The lone FCC dissenter was Chairman Kevin Martin, who said in a statement: "Customer-retention marketing is a form of aggressive competition that has the potential to benefit consumers through lower prices and expanded service offerings. Moreover, the cable companies engage in such practices to keep their video customers from switching to other providers."
It was a surprising win at what has been an unfriendly FCC for Comcast. Catherine Avgiris, the company's senior vice president and general manager of voice services, said in a statement: "The FCC has said to Verizon, 'no more games.' "
She said the FCC majority "deserves the gratitude of all consumers for standing up for fair play and against anticompetitive tactics."
Comcast's number of phone customers has grown tenfold since early 2006, making the Philadelphia company now the fourth-largest landline phone provider in the nation.
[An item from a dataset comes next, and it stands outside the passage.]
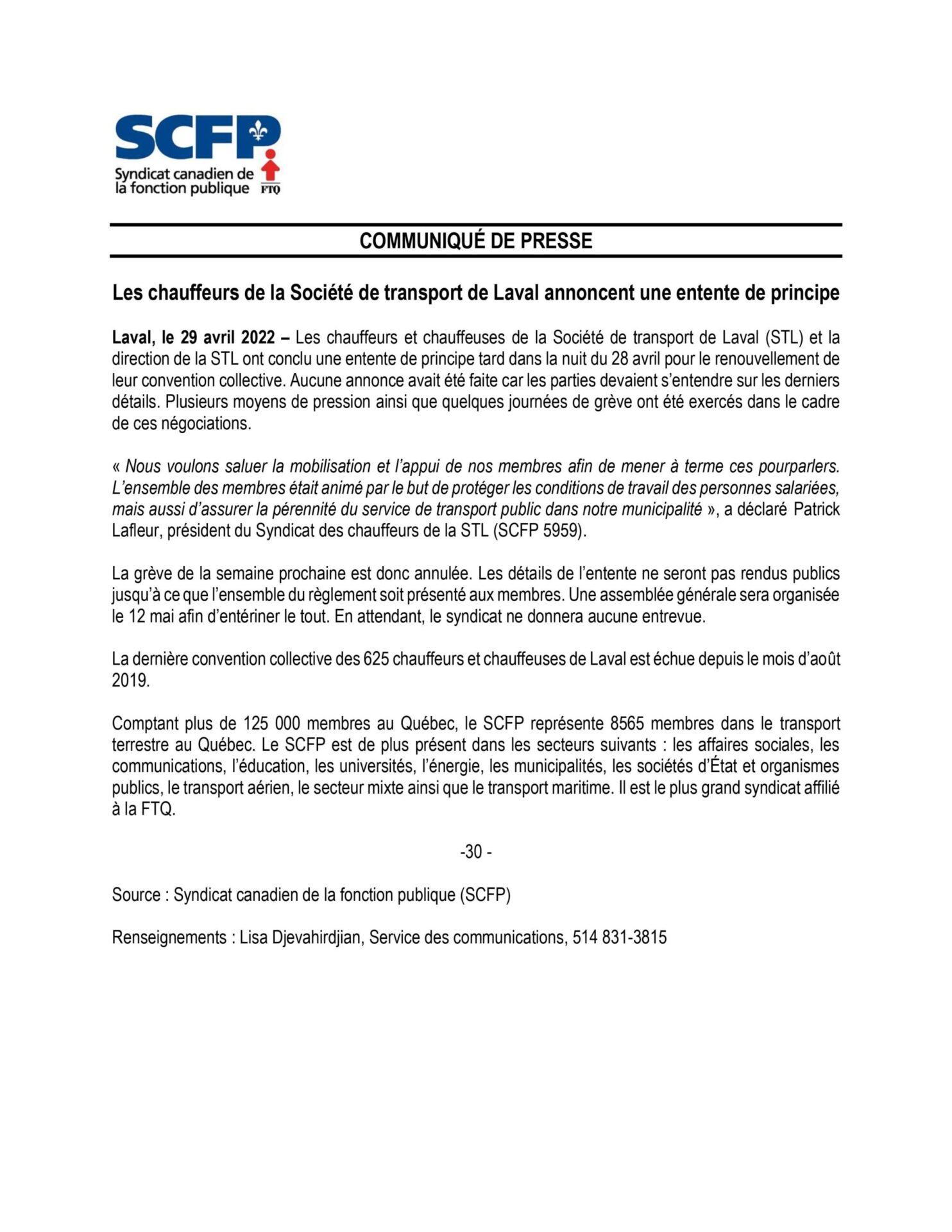 2022-04-29 Publication suite à l&rsquo;entente de principe sur notre prochaine convention SCFP et FTQ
It has 5.1 million dial-up customers and expects to advance to No. 3 this year.
Comcast, Time Warner Cable Inc. and Bright House Networks L.L.C. said in a complaint filed in February with the FCC that Verizon - which lost 3.7 million landline phone customers in the last 18 months - had improperly used the information on "porting" phone numbers for retention marketing.
When a cable company like Comcast sent a phone number to Verizon saying that the customer had switched to cable, Verizon would bombard the customer with special deals to retain them before the switch actually took place, according to the complaint.
Among the deals mailed overnight to Verizon customers were $10 monthly discounts on bills, and $50 or $100 American Express gift cards, according to regulatory filings.